Unnamed: 0,claim_id,claim,evidence_id,evidence_label,evidence,entropy,labels
0,0,Global warming is driving polar bears toward e...,Extinction risk from global warming:170,NOT_ENOUGH_INFO,"""Recent Research Shows Human Activity Driving ...",0.693147,1
1,0,Global warming is driving polar bears toward e...,Global warming:14,SUPPORTS,Environmental impacts include the extinction o...,0.000000,2
2,0,Global warming is driving polar bears toward e...,Global warming:178,NOT_ENOUGH_INFO,Rising temperatures push bees to their physiol...,0.693147,1
3,0,Global warming is driving polar bears toward e...,Habitat destruction:61,SUPPORTS,"Rising global temperatures, caused by the gree...",0.000000,2
4,0,Global warming is driving polar bears toward e...,Polar bear:1328,NOT_ENOUGH_INFO,"""Bear hunting caught in global warming debate"".",0.693147,1
...,...,...,...,...,...,...,...
7670,3134,"Over the last decade, heatwaves are five times...",Bushfires in Australia:126,SUPPORTS,Australia's climate has warmed by more than on...,0.000000,2
7671,3134,"Over the last decade, heatwaves are five times...",Effects of global warming:86,NOT_ENOUGH_INFO,"In the last 30–40 years, heat waves with high ...",0.693147,1
7672,3134,"Over the last decade, heatwaves are five times...",Global warming:155,NOT_ENOUGH_INFO,Many regions have probably already seen increa...,0.693147,1
7673,3134,"Over the last decade, heatwaves are five times...",Global warming:156,NOT_ENOUGH_INFO,"Since the 1950s, droughts and heat waves have ...",0.693147,1


In [5]:
dataset = Dataset.from_pandas(preprocessed_df)
dataset

Dataset({
    features: ['claim_id', 'claim', 'evidence_id', 'evidence_label', 'evidence', 'entropy', 'labels'],
    num_rows: 7675
})

In [6]:
# Shuffle the dataset! This randomly rearranges the dataset, which is good especially with this one since the same claim appears five times in a row
# The seed parameter means we can access the exact same shuffle again if we need to
seed=11
dataset = dataset.shuffle(seed=seed)

In [7]:
tokenizer = AutoTokenizer.from_pretrained("lumilogic/climateBUG-LM")



In [8]:
# This splits our dataset so that we use 90% of it for training, and 10% for testing
split_dataset = dataset.train_test_split(test_size=0.1)

In [9]:
def custom_tokenize(examples):
    # The code block below this one can be used to find what the max_length should be set to.
    # Otherwise you have too much padding
    # Consider this properly later
    tokenized_output = tokenizer(
        text=[f"Claim: {claim} Evidence: {evidence}" for claim, evidence in zip(examples["claim"], examples["evidence"])],
        max_length=512, 
        padding="max_length", 
        truncation=True)

    return tokenized_output

tokenized_training_dataset = split_dataset["train"].map(custom_tokenize, batched=True)
tokenized_testing_dataset = split_dataset["test"].map(custom_tokenize, batched=True)

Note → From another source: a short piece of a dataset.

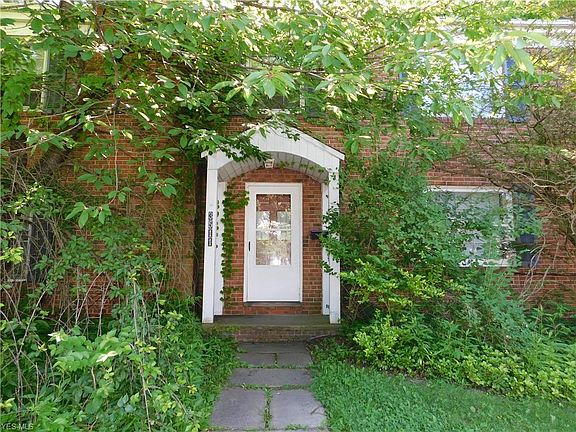 3rd image of 19208 Chagrin Blvd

Map:   0%|          | 0/6907 [00:00<?, ? examples/s]

Map:   0%|          | 0/768 [00:00<?, ? examples/s]

In [10]:

# Just for viewing purposes. Input_ids are the tokens, and attention_masks are whether they represent actual words or not.
# The max_length is set to 512 so every entry has been padded to be this long, which may be unnecessary
print(tokenized_training_dataset[6]["claim"])
print(tokenized_training_dataset[6]["evidence"])
print(tokenized_training_dataset[6]["labels"])
print(tokenized_training_dataset[6]["input_ids"])
print(tokenized_training_dataset[6]["attention_mask"])

print(tokenized_testing_dataset[2]["claim"])
print(tokenized_testing_dataset[2]["evidence"])
print(tokenized_training_dataset[2]["labels"])
print(tokenized_testing_dataset[2]["input_ids"])
print(tokenized_testing_dataset[2]["attention_mask"])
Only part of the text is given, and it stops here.